----- Data listing
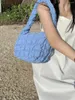 Abendtaschen Mabula Mode gepolsterte Frauen Schulter geflochtener gesteppte kleine Einkaufstasche Einfache Design Feste Farbe weiblicher Handtaschen Telefontasche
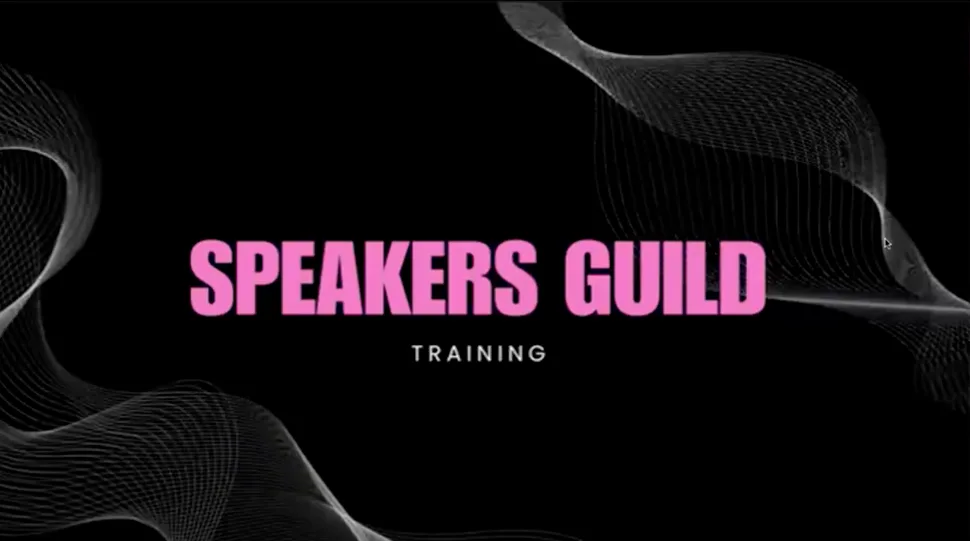 Speakers-Guild-Training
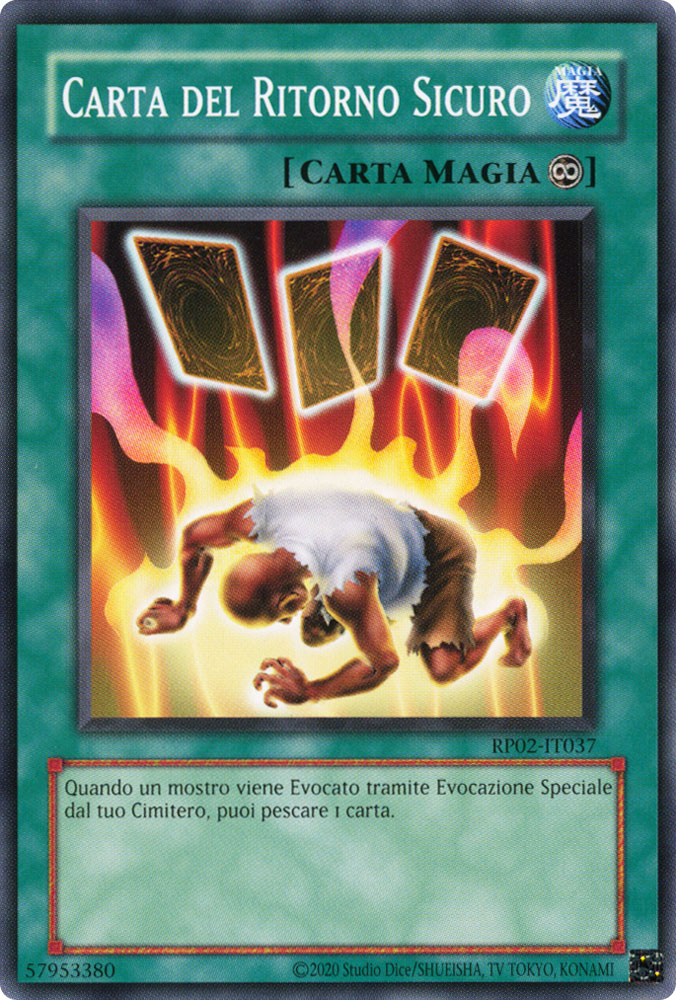 RP02-IT037 Carta del Ritorno Sicuro comune Unlimited (ristampa) (IT) -NEAR MINT-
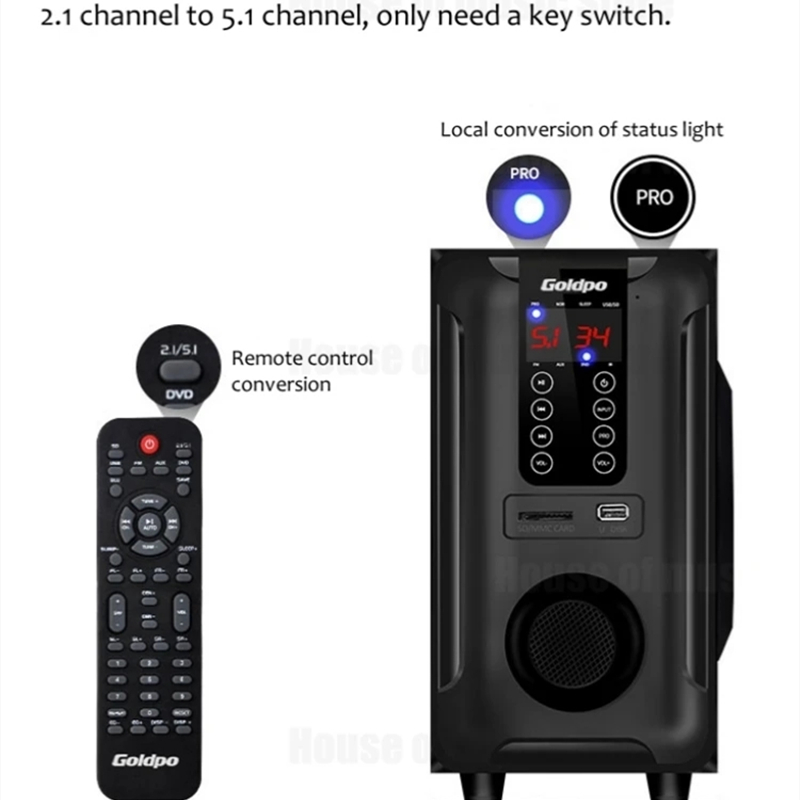 Boîte de son multimédia sur pi - Home Cinema With Wireless Rear Speakers avis et prix
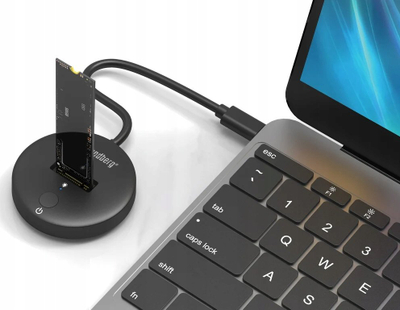 Dok USB Sandberg USB 3.2 për SSD M.2 NVMe, 10 Gbps, i zi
----------
### Exercise prompt
What the answer must hold is the exact text of every line from the one containing "Speakers-Guild-Training" through the end of the data, minus any pictures.

### Answer
 Speakers-Guild-Training
 RP02-IT037 Carta del Ritorno Sicuro comune Unlimited (ristampa) (IT) -NEAR MINT-
 Boîte de son multimédia sur pi - Home Cinema With Wireless Rear Speakers avis et prix
 Dok USB Sandberg USB 3.2 për SSD M.2 NVMe, 10 Gbps, i zi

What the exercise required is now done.